:: Records shown ::
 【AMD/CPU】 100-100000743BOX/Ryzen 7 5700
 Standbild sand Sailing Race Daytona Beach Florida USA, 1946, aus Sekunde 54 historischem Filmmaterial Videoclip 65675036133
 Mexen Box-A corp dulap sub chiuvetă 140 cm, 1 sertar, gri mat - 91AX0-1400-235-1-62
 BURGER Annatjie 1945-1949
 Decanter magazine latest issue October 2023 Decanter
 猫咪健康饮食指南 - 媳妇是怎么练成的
---
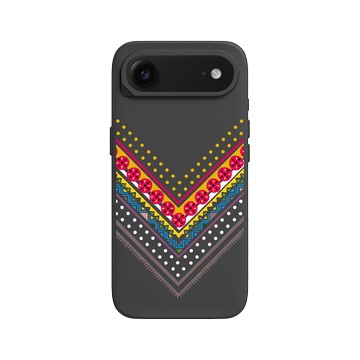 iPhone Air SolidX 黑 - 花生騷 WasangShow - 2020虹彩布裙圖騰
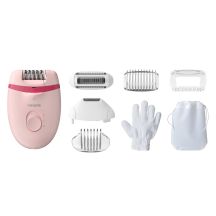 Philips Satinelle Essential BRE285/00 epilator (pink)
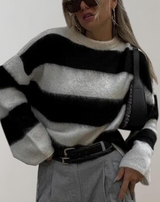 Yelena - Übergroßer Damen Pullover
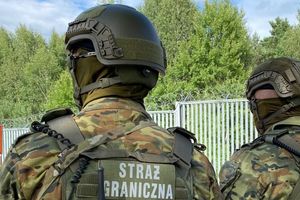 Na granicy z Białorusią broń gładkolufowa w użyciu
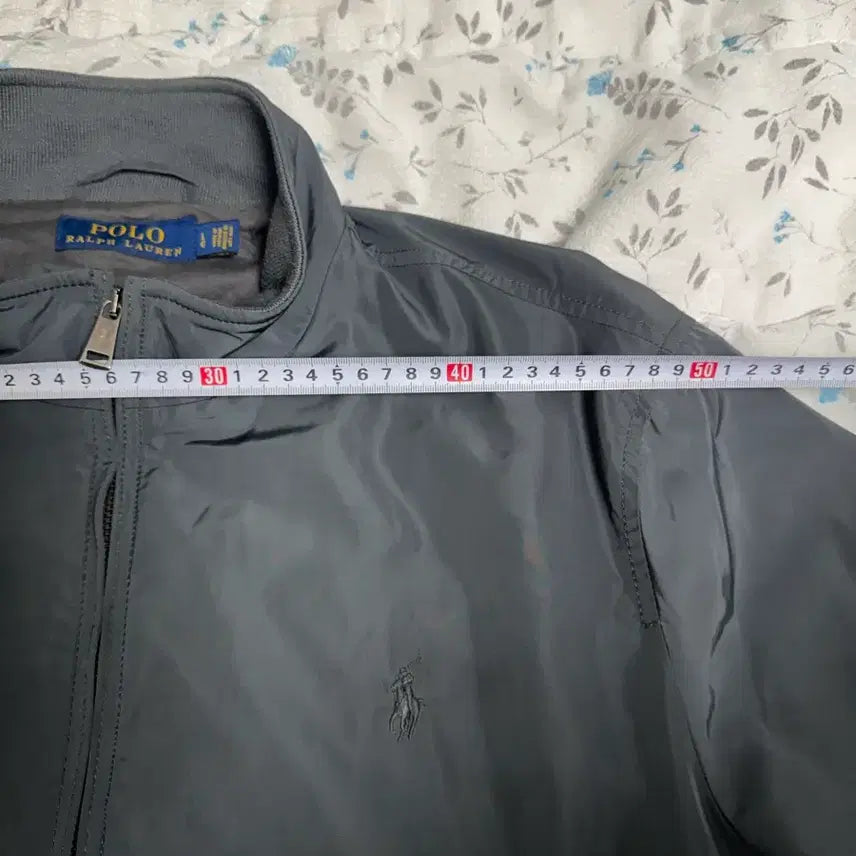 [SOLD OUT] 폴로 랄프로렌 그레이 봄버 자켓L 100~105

:: To do ::
What you give back should be only the lines of the records above, starting at the line with "BURGER Annatjie 1945-1949" and ending at the line with "猫咪健康饮食指南 - 媳妇是怎么练成的", restated word for word.

:: Exercise response ::
 BURGER Annatjie 1945-1949
 Decanter magazine latest issue October 2023 Decanter
 猫咪健康饮食指南 - 媳妇是怎么练成的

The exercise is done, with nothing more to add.